Fabio Quartararo (Petronas Yamaha SRT) took a stunning home turf pole position on Saturday at the Shark Helmets Grand Prix de France, the Frenchman denying Jack Miller (Pramac Racing) by two tenths after a late lunge for the top. Miller impressed in second to make it an Independent Team rider 1-2, with fellow Ducati rider Danilo Petrucci (Ducati Team) completing the front row as Borgo Panigale machinery shone in qualifying.

Before the final push to decide the top 12 positions on the grid got underway, however, Q1 made some headlines as both Team Suzuki Ecstar machines failed to move through. Joan Mir was left down in P14 on the grid and teammate Alex Rins two places further back, giving the Hamamatsu factory a mountain to climb on Sunday. Can Mir do the damage limitation with Quartararo starting from the front?

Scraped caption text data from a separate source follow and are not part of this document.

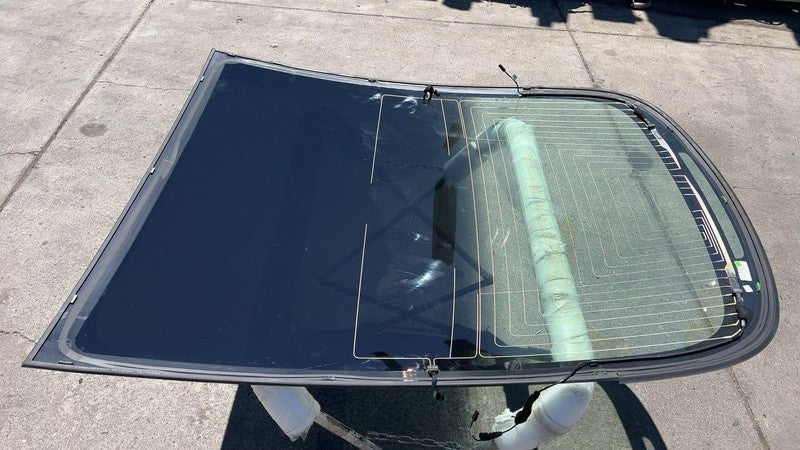 ⭕ 2017-2020 Tesla Model 3 Rear Trunk Panoramic Backlite Roof Glass Back Section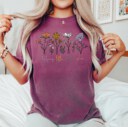 Comfort Colors® Cute Teacher Shirt, Helping Little Minds Grow, Teacher Appreciation Gift, Sped Teacher Gift, Special Education, Teacher Tee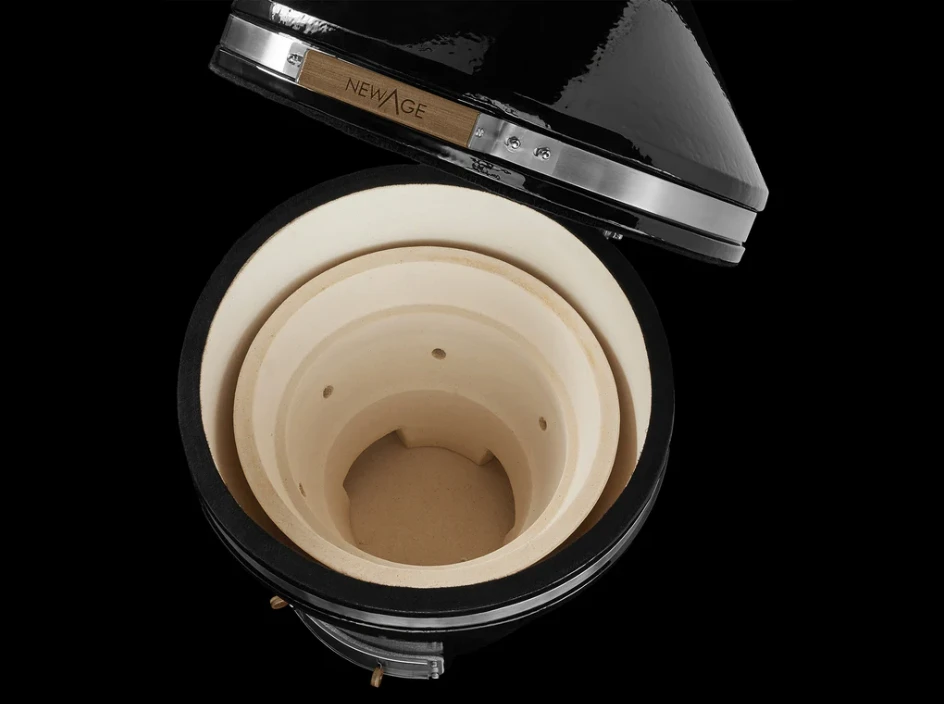 NewAge Outdoor Kitchen BBQ Appliance Charcoal Kamado Smoker Grill 65996 14 NewAge Outdoor Kitchen BBQ Appliance Charcoal Kamado Smoker Grill 65996 - Image 12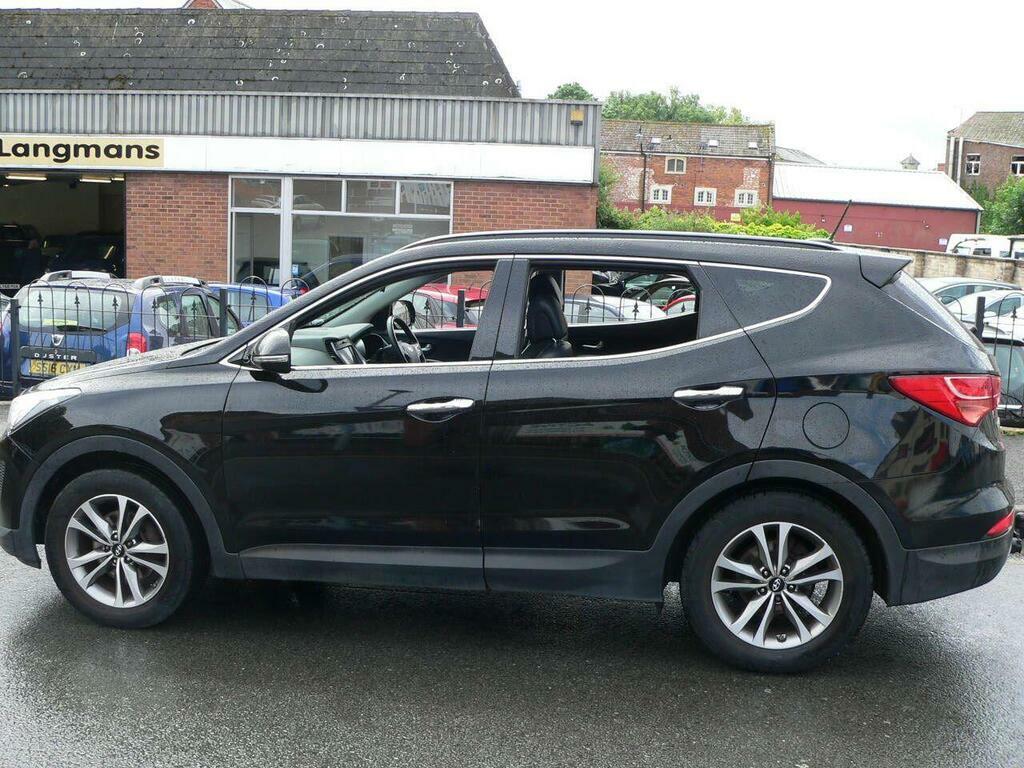 Hyundai Santa Fe 2.2 Crdi Premium Se 4Wd Euro 5 Silver #7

Moving through from Q1 instead were Petrucci, who set the fastest lap of the weekend up to that point, followed by Francesco Bagnaia (Pramac Racing) as the Italian pipped Mir to it. Takaaki Nakagami (LCR Honda Idemitsu) lost out too, with a few final laps chalked off after a late crash for Brad Binder (Red Bull KTM Factory Racing) that brought out the Yellow Flags.

Q2 began with Franco Morbidelli (Petronas Yamaha SRT) leading fellow Yamaha riders Maverick Viñales (Monster Energy Yamaha MotoGP) and Quartararo over the line, and it was the Italian who set the first benchmark time – a 1:32.393. Bagnaia then went up to P2 with Viñales slotting into P3, but the times were going to change immediately, with red sectors everywhere. All four Yamahas were inside the top four with Quartararo launching to P1 with a 1:31.679, but Bagnaia then improved again to slot into P2 behind the home hero; 0.073 the gap after two flying laps.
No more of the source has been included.